Reputation: 137
I want to convert the list values into the Python Dataframe but my header values are inside the list.
the values which are inside the list are like this:
cols_head=['BATSMEN', '', 'R', 'B', '4s', '6s', 'SR', '', 'C Hemraj', 'c Mohammad Mithun b Mehidy Hasan Miraz', '9', '17', '2', '0', '52.94', '']
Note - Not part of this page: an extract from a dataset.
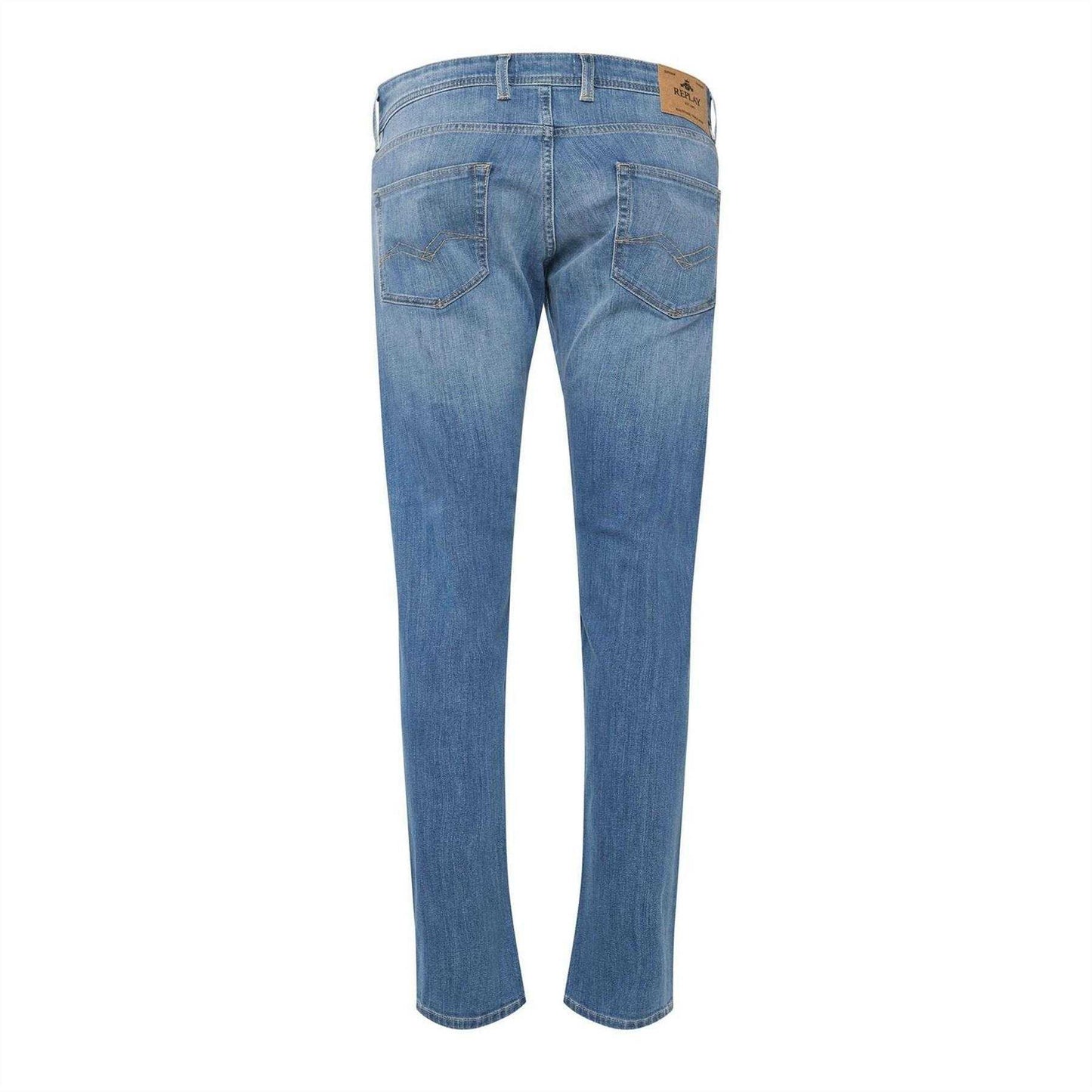 Blue - Back - Replay Mens Cotton Denim Straight Jeans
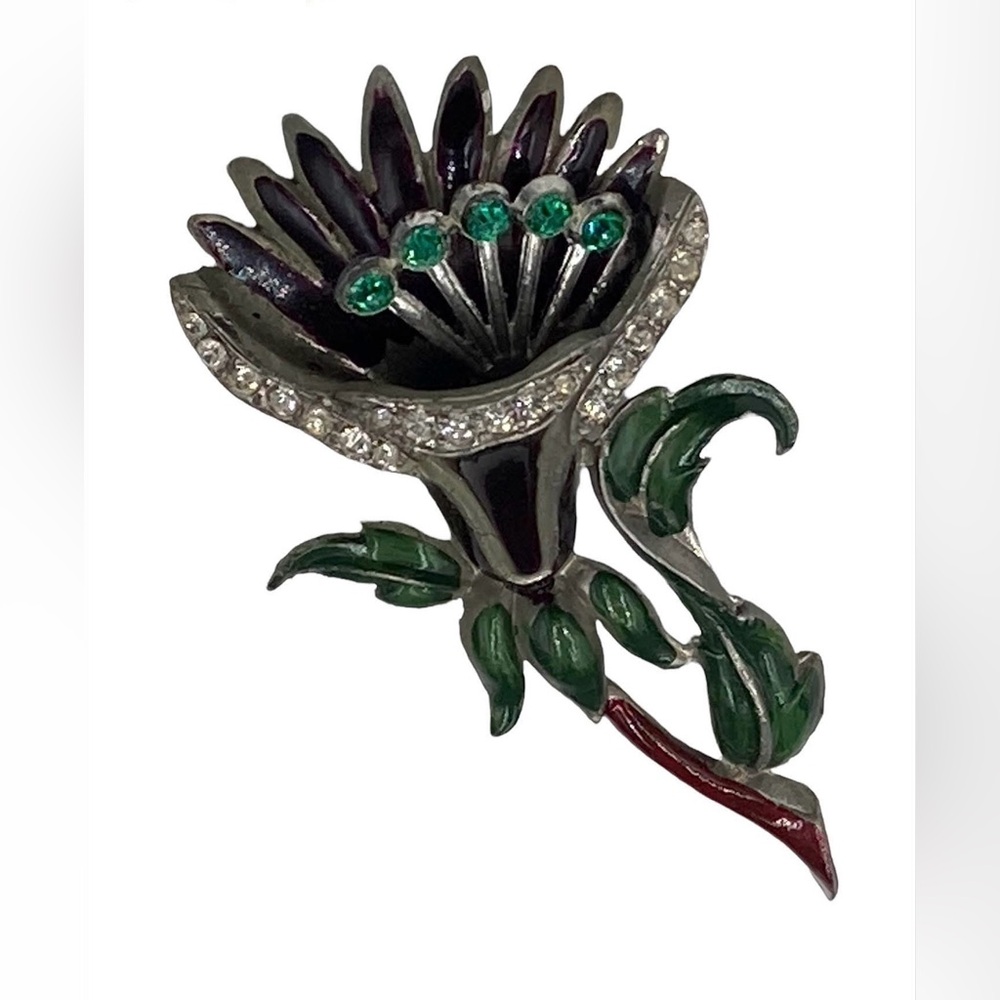 Rare Vintage Coro Enamel Rhinestone Trembler Flower Brooch Perfume Pocket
I have scraped the values from the espn website and it is score card now when the values are inside the list i want to convert them into the pandas dataframe. When I have convert the list into the dataframe I am getting the like this:
0
0 BATSMEN
1 Out
2 R
3 B
4 4s
5 6s
6 SR
7
8 C Hemraj
9 c Mohammad Mithun b Mehidy Hasan Miraz
10 9
11 17
12 2
13 0
14 52.94
from serial 0 to 7 these are columns of the dataframe
This is the code which I have tried to convert the values:
cols_head=[x.text.strip() for x in cell]
#print(cols_head)
List_values=cols_head[:-13]
df=pd.DataFrame(List_values)
I want to the output of the dataframe like this:
BATSMEN Out R B 4s 6s SR
1 C Hemraj C Mohammad Mithun 9 17 2 0 52.94
Upvotes: 2
Views: 103
Reputation: 164793
You can use a list comprehension. This extends under the assumption your list contains an arbitrary number of rows in the same format. Notice you actually have 8 columns. The last is just labeled with an empty string.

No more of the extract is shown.